Op grond van artikel 1:276, eerste lid, van het BW wordt de moeder, als ouder waarvan het gezag wordt beëindigd, veroordeeld tot het afleggen van rekening en verantwoording aan de opvolger in het bewind, ervan uitgaande dat zij het bewind voerde over het vermogen van [minderjarige 1], [minderjarige 2] en [minderjarige 3].
Uitvoerbaar bij voorraad
5.10.
De rechtbank zal de beschikking uitvoerbaar bij voorraad verklaren, omdat het in het belang van de kinderen is dat de beslissing van de rechtbank direct in werking zal treden, ongeacht een eventueel hoger beroep daartegen.

6.De beslissing

De rechtbank:
6.1.
beëindigt het ouderlijk gezag van
[naam 1], geboren op [geboortedatum 4] in [geboorteplaats 4], over [minderjarige 1], [minderjarige 2] en [minderjarige 3];
6.2.
benoemt tot voogd over genoemde minderjarigen
de gecertificeerde instelling William Schrikker Stichting Jeugdbescherming & Jeugdreclassering, gevestigd te Amsterdam;
6.3.
veroordeelt de moeder aan de voogdes rekening en verantwoording van het gevoerde bewind over het vermogen van [minderjarige 1], [minderjarige 2] en [minderjarige 3] te doen;
6.4.
verklaart deze beschikking uitvoerbaar bij voorraad;
6.5.
verzoekt de griffier om krachtens het bepaalde in het Besluit gezagsregisters een aantekening te maken van deze beslissing in het centraal gezagsregister.
Deze beschikking is gegeven door mr. G.M. Paling, voorzitter, en mrs. M.P. van der Stroom en L.W.M. Hendriks, rechters tevens kinderrechters, en in het openbaar uitgesproken op 23 mei 2024, in aanwezigheid van mr.

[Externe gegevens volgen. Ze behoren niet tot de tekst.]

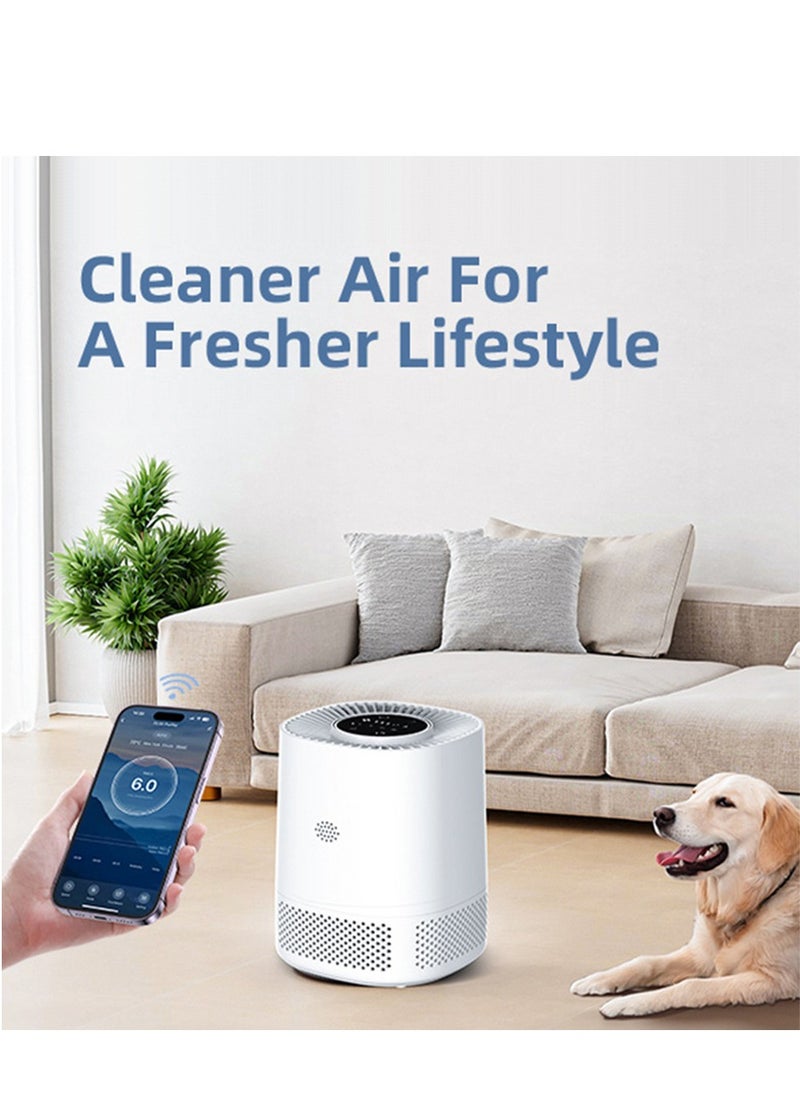 Mini Touch Wifi Smart Air Purifier Silent Display Rechargeable Portable Suitable for Cars Home and Office , Three-speed Adjustment , PM 2.5 Purifier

R. Spaans als griffier.
Hoger beroep tegen deze beschikking kan worden ingesteld:
  • door de verzoeker en degenen aan wie een afschrift van de beschikking is verstrekt of verzonden, binnen drie maanden na de dag van de uitspraak;
  • door andere belanghebbenden binnen drie maanden na de betekening daarvan of nadat de beschikking aan hen op een andere wijze bekend is geworden.
Het hoger beroep moet, door tussenkomst van een advocaat, worden ingediend bij de griffie van het gerechtshof te Den Haag.